We're working on VIDEO WATCHDOG #143 at present, so it's not the right time to start writing the next novel or screenplay, but I should start taking notes toward both projects more fastidiously. In the meantime, both Donna and I are focusing on effecting positive changes in our lifestyle. Last Sunday, I went swimming for the first time since 1989 at a local health facility. I've always loved the water; I've always been the sort of swimmer who never wants to come out once he gets in, but I had been depriving myself of this pleasure with mental preccupations and sheer physical indolence for close to twenty years. I stayed in the water for about 30-35 minutes and, I have to say, it was largely a struggle. But this morning -- before breakfast, before coffee, before e-mail (!!!) -- we went back and I swam for the better part of an hour: doing laps, treading water, floating on my back and watching the white ceiling piping and blue-and-white pennants drifty by above me, then I soothed my tensed muscles for 10 minutes or so in the whirlpool. Even while getting dressed afterwards, I took notice of the simple pleasure I was taking on putting my socks and shoes back on after a swim. Then, while sitting in a chair in the lobby, drinking an electrolyte beverage while waiting for Donna to join me after her own health regime, I realized that I felt wonderful -- "attuned" might be the more precise word. And, best of all, that for the entire time I had been in the water, I hadn't taken any notice of the names, titles, dates and other preoccupations that command my attention when I'm at home, sitting in front of this infernal machine.

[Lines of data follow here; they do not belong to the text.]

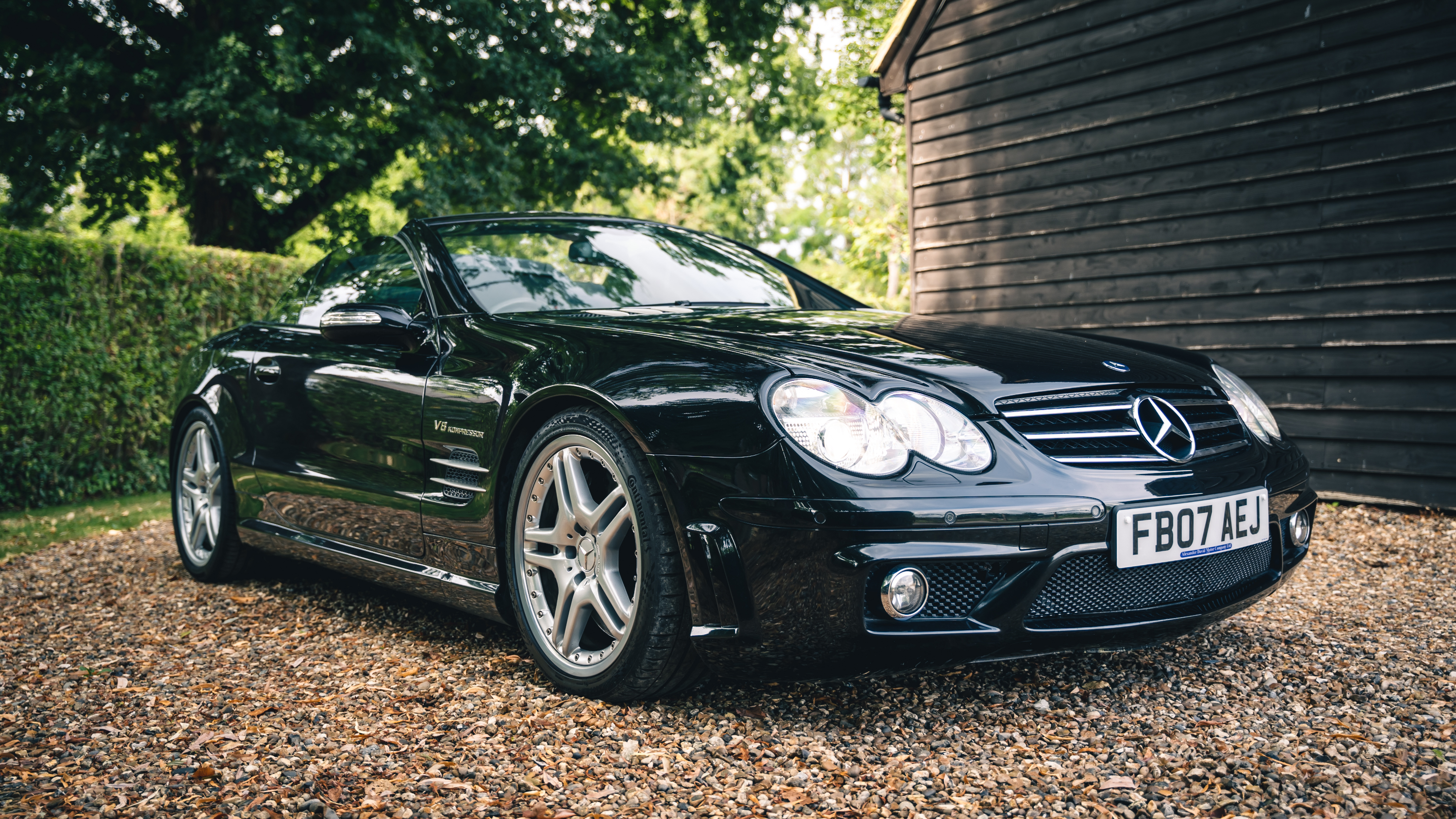 2007 MERCEDES-BENZ (R230) SL55 AMG - PERFORMANCE PACK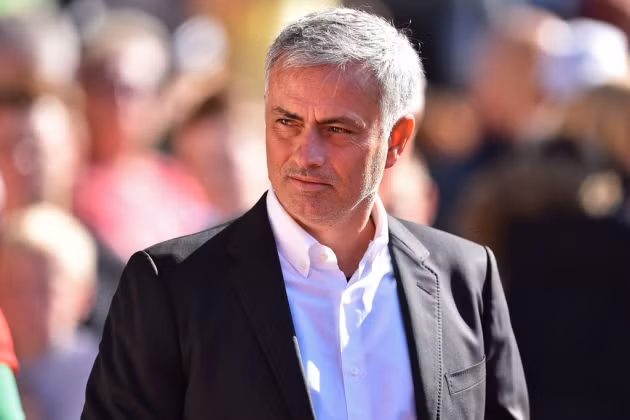  Mourinho trắng án.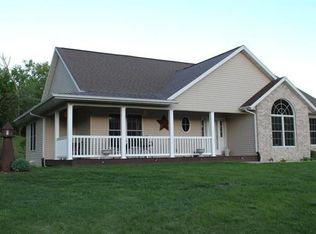 4193 Hill Rd, Potosi, WI 53818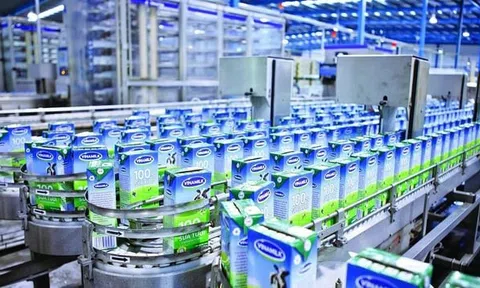 Tỷ phú Thái Lan chi 6.000 tỷ đồng gom cổ phiếu Vinamilk (VNM)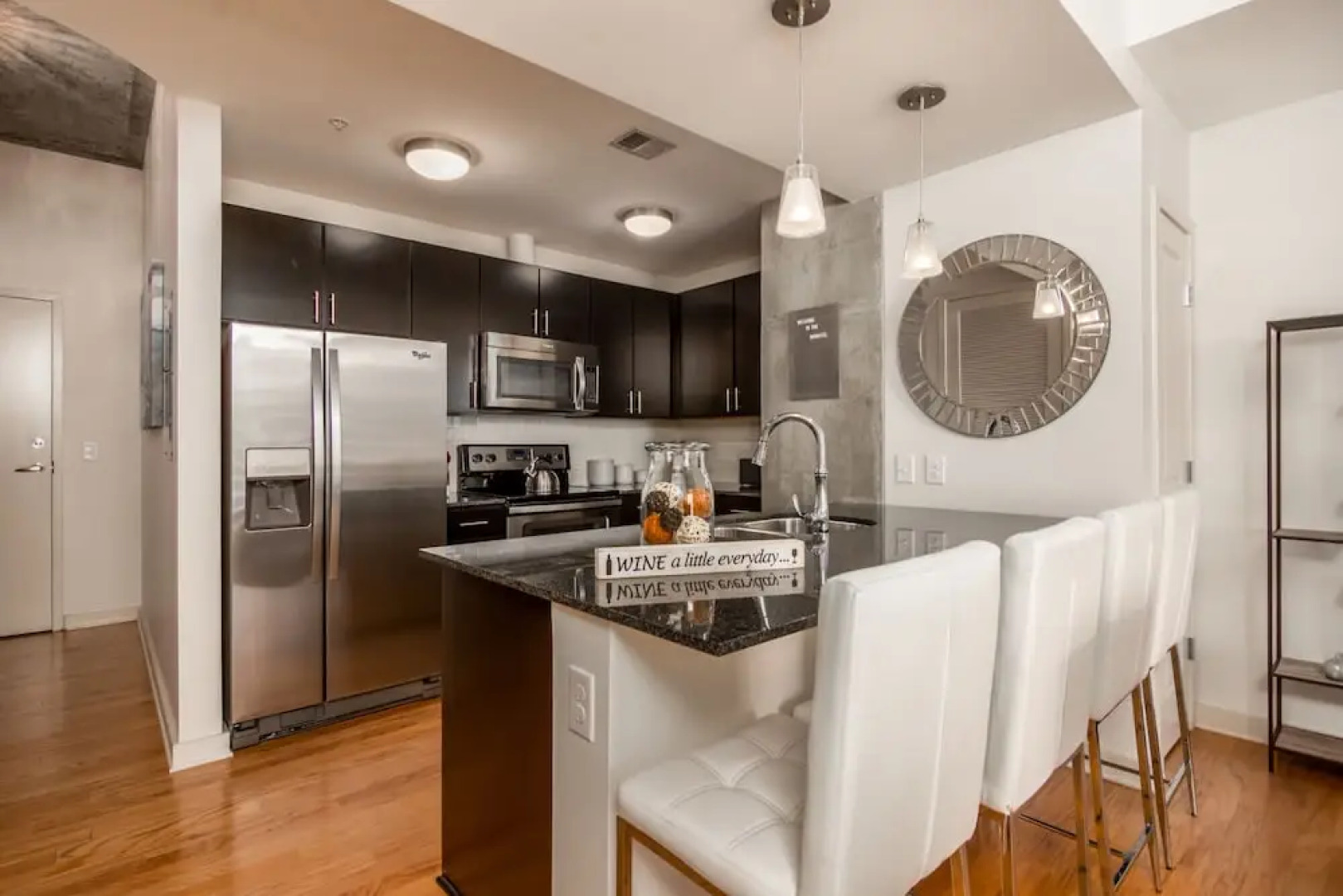 CHIC COLLECTION by NOHOTEL on 6th Street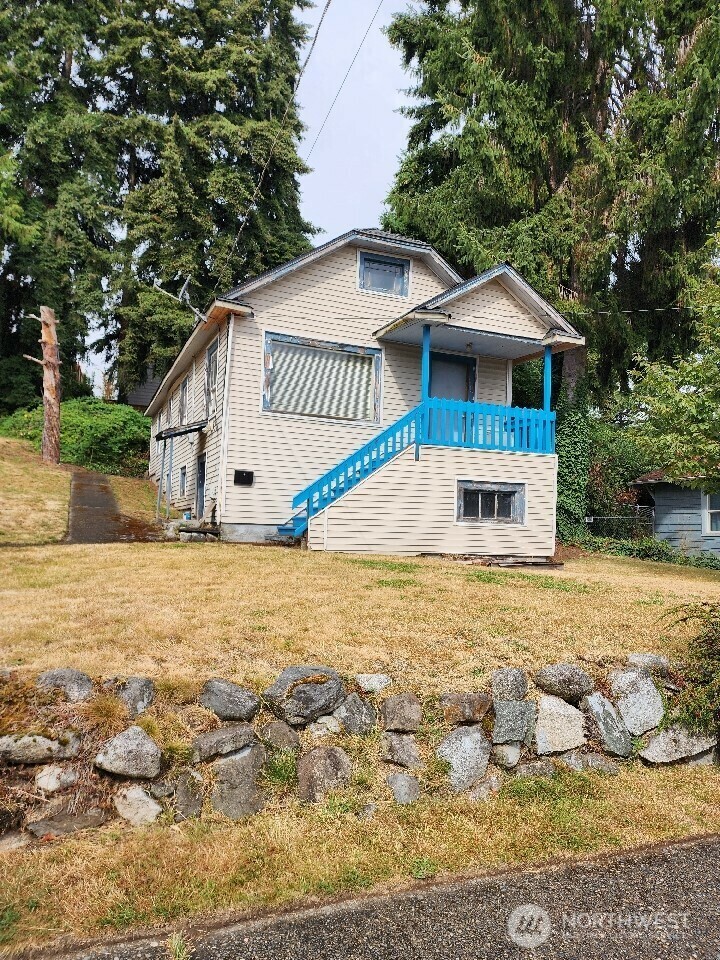 4519  34th Avenue S  Seattle WA 98118 photo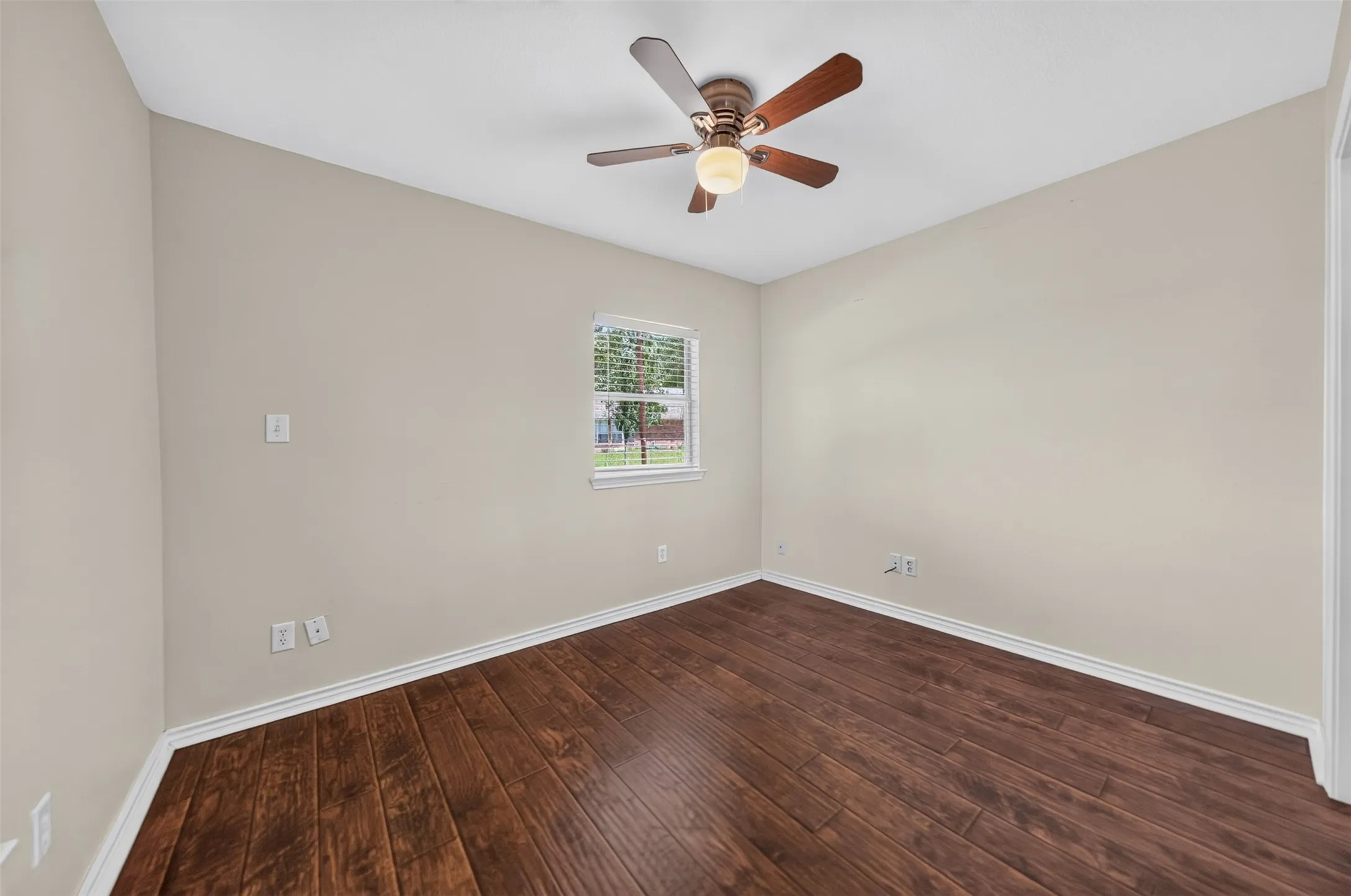Single Family Residence For Sale in Van Zandt County , 1075 Callender Lake Drive, Murchison, Texas 75778, 3 Bedroom, 2 Bathroom, 2 Garage spaces, 1,931 Sqft, built in 2013, mls#21302870, Real Estate Agent in Murchison, Homes For Sale in Van Zandt county, Homes For Sale in Murchison, Realtor in Murchison Texas, Real Estate Brokerage Independent Realty Texas, Luminita Cordes Realtor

Funnily enough, the writing I most enjoy doing at the moment is limericks. It's a form that forces the poet to work and finish quickly. What? Someone requested a Jess Franco limerick? Sure, here goes:

There once was a filmmaker, Jesus,
Whose flicks weren't financed by Cresus
A hotel and zoom lens
Were his means to an end
And the labia majora his thesis.

There. Believe it or not, I wrote that in just slightly more time than it took you to read it. Yes, my limerick muscle is firm and readily flexed -- but I know it's not going to make me rich. This stripe of poetry pays only in author's satisfaction, much like epic poetry today. But at least that satisfaction comes quickly, on the fifth line, like euphoria from a morphine drip.

Additionally, I seem to be going through a phase, probably brought on my the highs of my recent trips to Los Angeles and Louisville: I'm not very interested in watching movies at the moment, especially horror movies. I'm strugging against the morbid streak that has been my beat for so long; as one confidant expressed it, I've tasted a bit of life and a broader circle of companionship and liked it. Other people seem to juggle work and real life -- why shouldn't I try my hand at that for awhile? It's likely to mean less blogging, but for those times when the mood or the need strikes, I'll be leaving the door here open a crack and the lights on.

Tomorrow would have been Mario Bava's 94th birthday. I send my love to his flown spirit, wherever it may be, and thank him from the bottom of my heart for having been such an inexhaustibly interesting companion for so many years, all those years when I felt he was mine alone. I either know or have met quite a few people in fandom who are engaged in various book projects, some of them in developing manuscript, some without a single word yet written, and some have dragged on almost as long as mine. I hope the example of MARIO BAVA ALL THE COLORS OF THE DARK has given these writers and would-be writers more reason to finish. The longer we toil at such projects, wrestling them toward our idea of perfection, the more painful it is to separate ourselves from them, in ways so profound they're hard to imagine even if I described them to you. Empty as I feel, I have no doubt that the most important thing was to finish and move on toward the next big question mark. Isn't it best to be judged for what we do rather than for what we intend?